During a virtual meeting on 26 March 2021 Yieldpoint was told that Kimura would pay Yieldpoint back on 31 March 2022, unless Yieldpoint decided to continue participating.

v)

On 30 March 2021 Yieldpoint amended the draft Special Conditions by reducing the notice period for Yieldpoint to extend its participation from 90 days to 45 days (accepted by Kimura and reflected in the executed MTV Participation), explaining that this was to match the redemption period of its own investors, so Yieldpoint would not have to “end earlier just to be safe”.

The MTV Participation

16.

After referring to the MPA and the Facility, the MTV Participation followed the template in providing that:

“This is an Offer, as such term is defined in the [MPA].

In this Offer, unless indicated otherwise, definitions from the [MPA] apply. All relevant terms of the [MPA] as at the date of this Offer will apply to any Participation Agreement concluded pursuant to this Offer as if those terms were set out here in full, with the necessary changes.

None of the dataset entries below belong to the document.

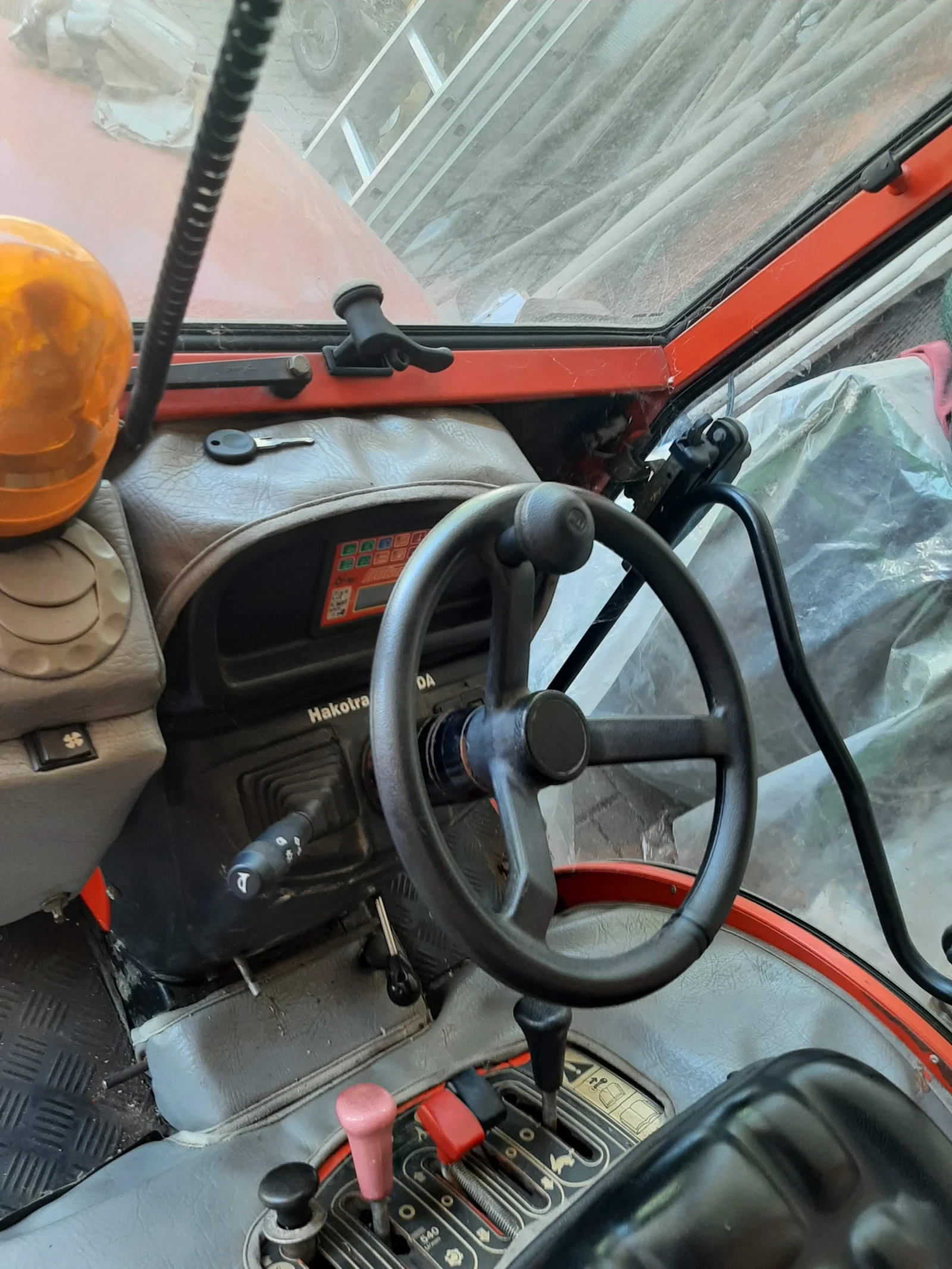 Друг вид Внос HAKOTRAC 1700 DA, снимка 6 - Селскостопанска техника - 55897950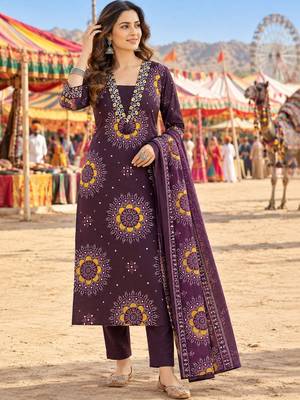 women ethnic motifs printed regular  cotton kurta with trousers & with dupatta 1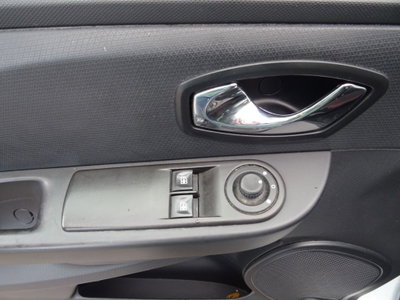 Renault Clio Sporter 1.2 75CV Wave (16)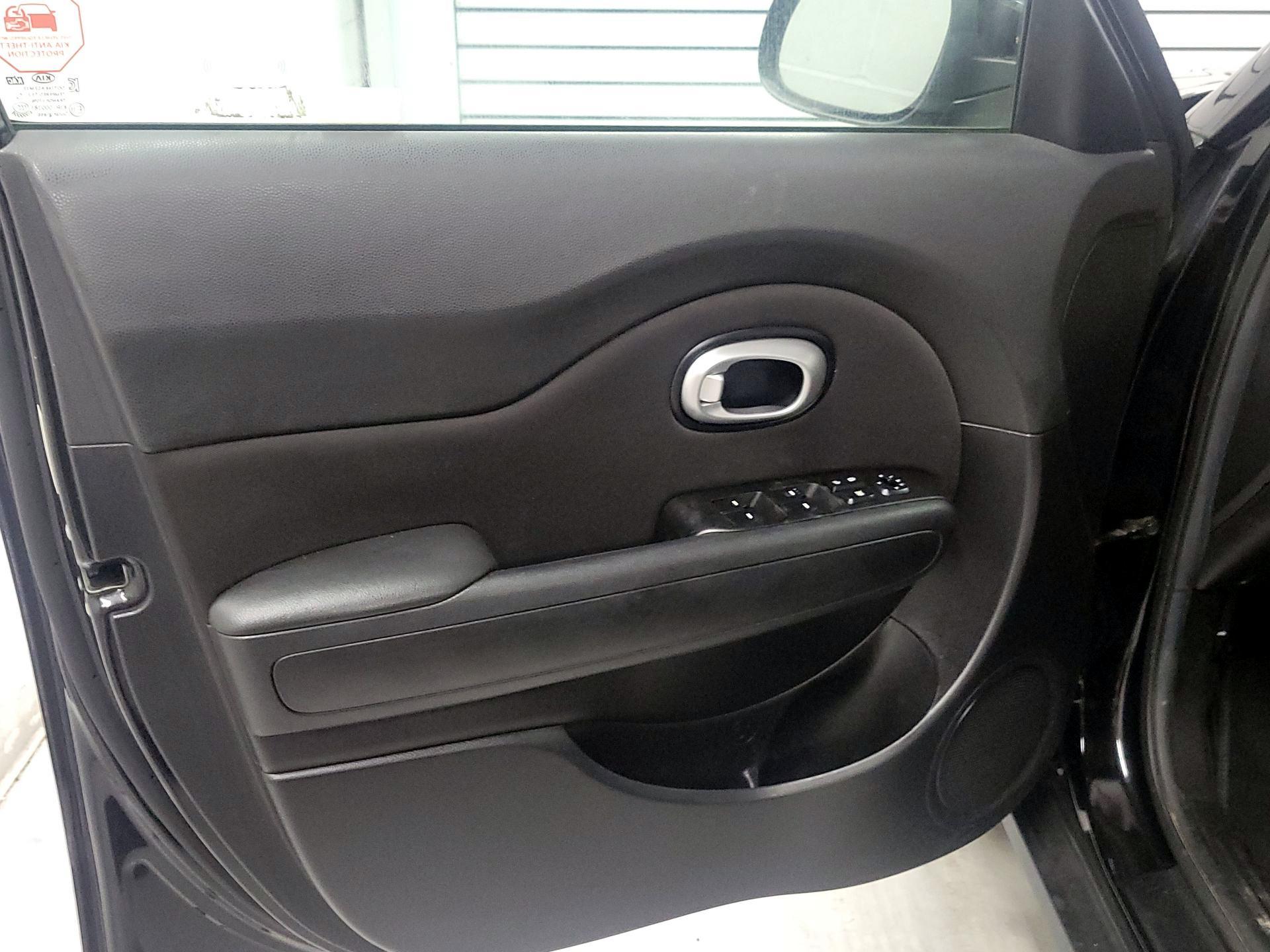 Thumbnail: 2015 Kia Soul - 12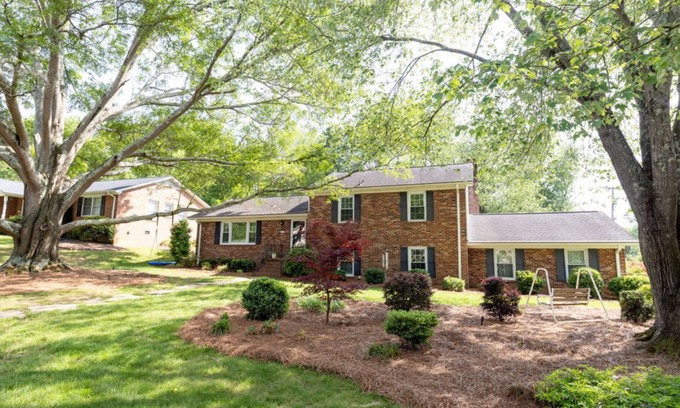 Wade Hampton House | Spacious Family Retreat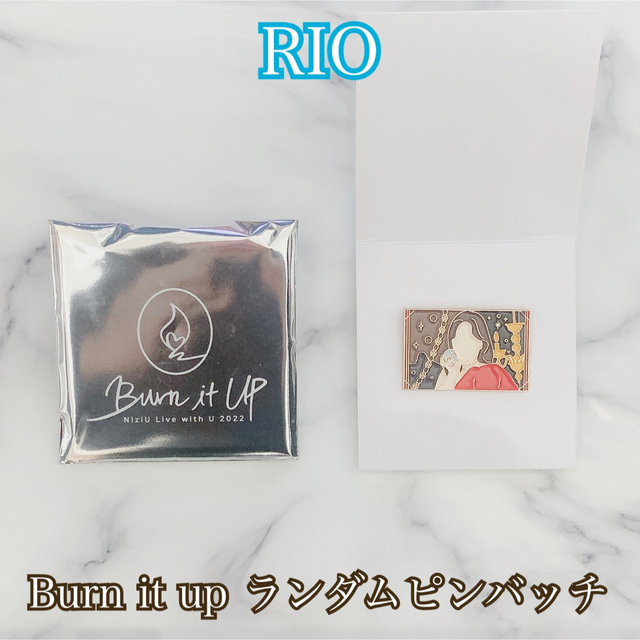 NiziU(ニジュー)のRIO NiziU Burn it up ランダムピンバッチ エンタメ/ホビーのタレントグッズ(アイドルグッズ)の商品写真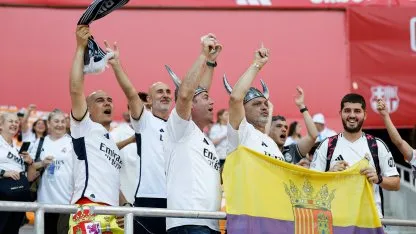 Hinchas del Real Madrid en la previa a la final
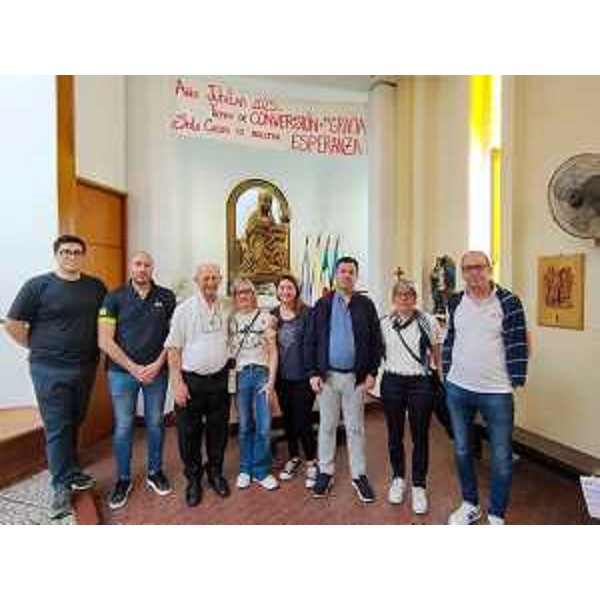 L'assessore regionale alle Finanze Barbara Zilli con la delegazione friulana a Castelmonte (Argentina) davanti all'omonima effige della Madonna - L'assessore regionale alle Finanze Barbara Zilli con la delegazione friulana a Castelmonte (Argentina) davanti all'omonima effige della Madonna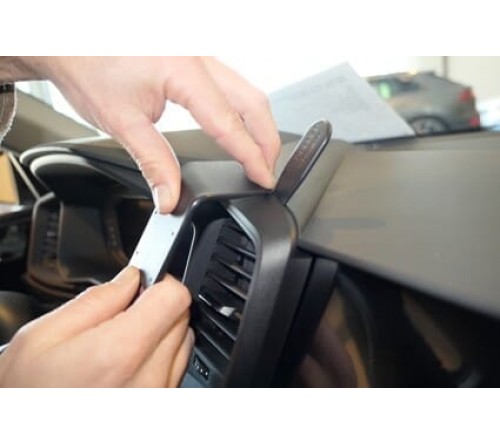 Proclip Audi A1 19- Center mount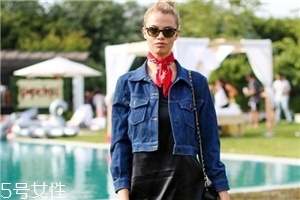 牛仔上衣配什么褲子好看？這個(gè)春天酷到爆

For the avoidance of doubt:

-

the express terms of this Offer will override or modify any conflicting or inconsistent terms in the [MPA].”

17.

In tabular form, the MTV Participation confirmed that the Participation Amount was US$5m, and that the Participation Percentage was “22.22% of Overall USD 22,500,000 Facility”. The “Start Date of Transaction” was 5 November 2020 and the “Start Date of Participation” was 1 April 2021.

18.

Additional lines of the table, not in the template, provided:

“Maturity Date of the Participation 31st March 2022

…..

Number of days of the [Participation] (Footnote: 1) 364 days”

19.

Special Conditions were inserted to provide for renewal of the investment as follows:

“Participant to advise the Seller of its intention to renew the Participation Amount 45 days prior to the Maturity Date of the Participation – i.e. no later than 15th February 2022.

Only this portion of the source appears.